In the first plate Laura (the elegant girl is, of course, named Laura) is seen in her little bedroom at her morning prayers, and, thus fortified, she then goes through the day in eleven episodes, all tending, as the Americans say, to uplift. Washed and dressed, she joins, in Plate No. 2, her mother at early lessons in a charming library such as neither Vermeer nor Whistler would have disdained. According to the verses, Laura is careless of "what becomes her best," but to the casual male eye she seems to have chosen her trousers with no little discretion. Having sufficiently "explored the arts and sciences," she is, in Plate No. 3, ready for breakfast, again with her mother. Her father was—where? Possibly he was dead; possibly (the date is 1813) at the wars; probably still in bed. At any rate his daughter passes her day of edification entirely without his assistance.
Breakfast affords the opportunity of a lesson in practical philanthropy, for chance sends a beggar to the window, and Laura craves, and is granted, permission to give him food and drink. In Plate No. 4 she has a music lesson—a lesson that "is not thrown away," for
By Science taught with taste to play,
She'll charm erewhile the listening throng
And sing with modest grace her song.
In Plate No. 5, having slipped a red smock over her dress, but still retaining the captivating trousers, Laura practises painting. In No. 6, substituting a purple smock for the red one, she teaches the little villagers their A.B.C.—a form of altruistic employment which those
can best approve
Who virtue and religion love.
In Plate No. 7, Laura, in yellow, acquires the rudiments of obedience and refrains from eating forbidden fruit. In Plate No. 8, in green, she carries food to an aged dame. In Plate No. 9, in blue, she brings a cup of broth to her mother, who, "languid and pale," reclines, like Madame Récamier, on an exceedingly uncomfortable couch. It is thus that Laura,
in early days,
Maternal tenderness repays.
The chief difficulty of any series of this kind is, artists tell me, to preserve the likenesses throughout. In the case of "The Elegant Girl" it has been fairly successfully overcome, but Laura, who at her orisons looks years older than when becomingly trousered, is never again so charming a child as in the library before breakfast; while, in the Plate which we have now reached, her mother's severe Greek profile, so noticeable at that frugal meal, has completely vanished. But, take it all round, the series is maintained with credibility and a sprightly realism.
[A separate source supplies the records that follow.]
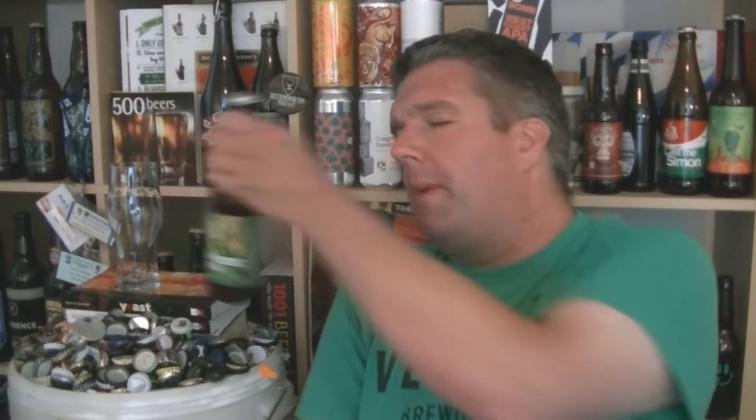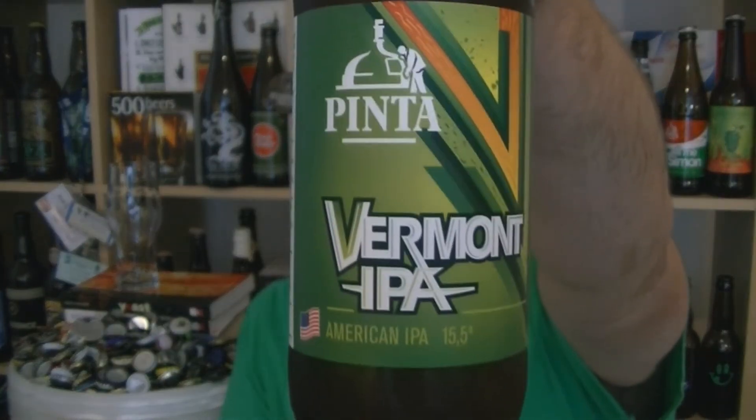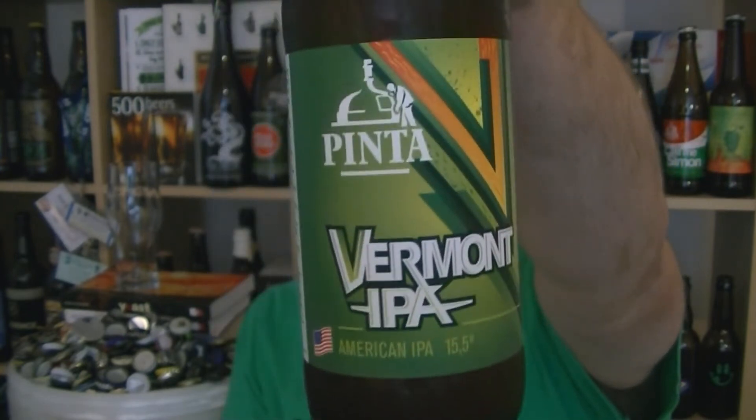Hi, I'm Rob from Hopzing. Thanks for joining me for another beer review video. This time we've got a bottle of beer from Brother Pinter from Poland, and it is their Vermont IPA at 6.1% ABV.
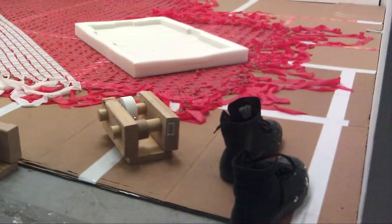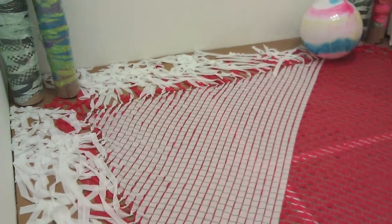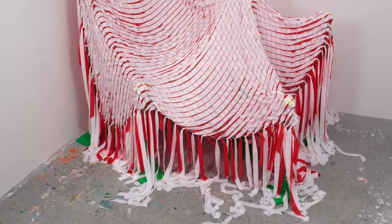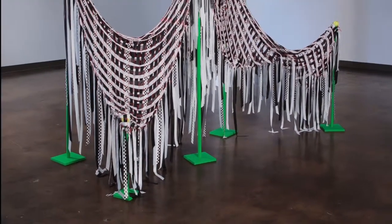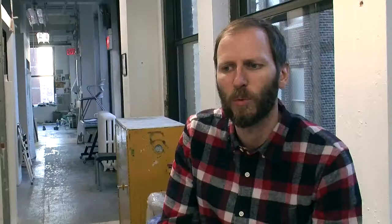I was using fishing net and weaving surveyors tape through it and presenting that in different ways — hanging it on the wall from a few different points and also using colorful green poles to drape the coverings over. I felt like those were a good transition piece for me because I was always struggling with doing things that were familiar to me — working with grids and right angles.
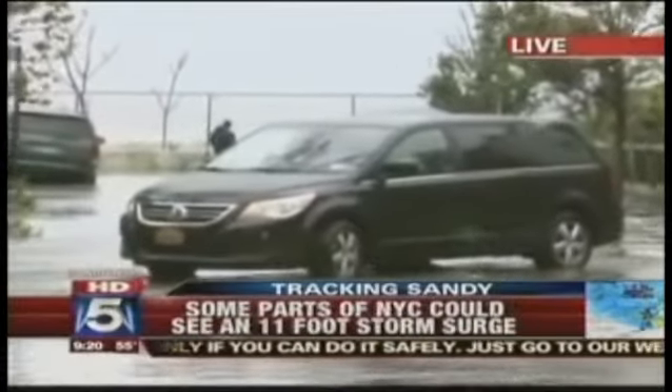Dr. Philip Orton, maritime research scientist, thank you so much for being with us this morning. We appreciate that information. We're already seeing flooding in the area.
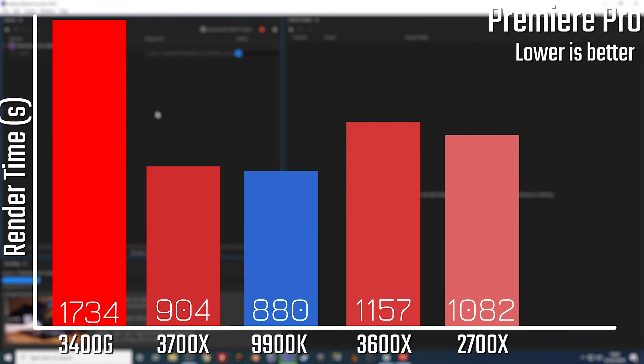When it comes to Premiere Pro rendering, CPU only, with a 10-minute test clip, we're looking at around about half an hour to render that clip versus the 2700X, which is obviously double the cores, but only takes about 19 minutes.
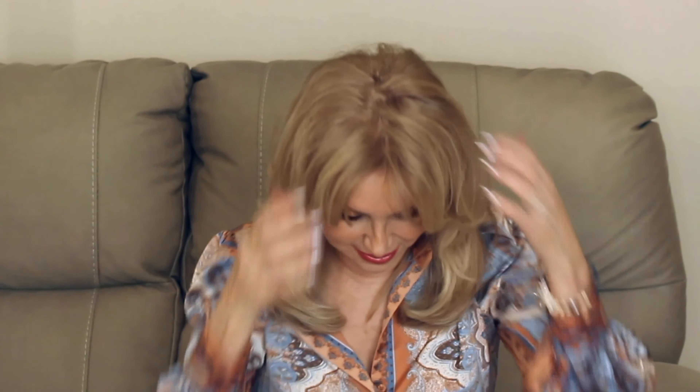My roots were in and I wanted to color my grays. This comes in a tube — I just combined it with 20% developer, half and half. I've been using level eight, which was too dark, so I went up to level nine. I'm now doing nine neutral, which is perfect for my highlights.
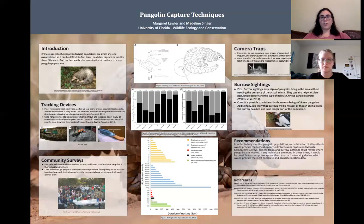The cons of camera traps are that it would not yield random samples if the cameras are placed only in areas that pangolins were known to prefer or frequent, and it takes a lot of time to sort through the camera trap image data. Another method is burrow sightings, where researchers go out and count the number of burrows, recording the location, size, and anything else that might be important. The pros are that it can show signs of pangolins living in the area without actually needing the presence of the pangolin, and you can estimate population density and the type of habitat they prefer without needing the animal in front of you, according to Wilcox et al. 2019.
In Plate No. 10 the mother is sufficiently recovered to play the harp while Laura bounds light on agile feet. In No. 11 Laura visits the impoverished sick, and, by reading the "sacred page,"
Dries up the widow's scalding tears,
Exalts her hopes and calms her fears.
And finally, in crimson, she is presented by her mother with the guerdon of her day's good conduct, which consists of several boxes of odds and ends labelled "Gifts for the Poor," including a large number of top hats—
Gifts for the Poor her own Reward,
For Laura felt and understood
The Luxury of doing Good.
Such is the pretty, unobtrusive didactic scheme of "The Elegant Girl." That it is now all out of date I am only too well aware; but it would do no great harm if a reprint of the book found its way into a few modern homes.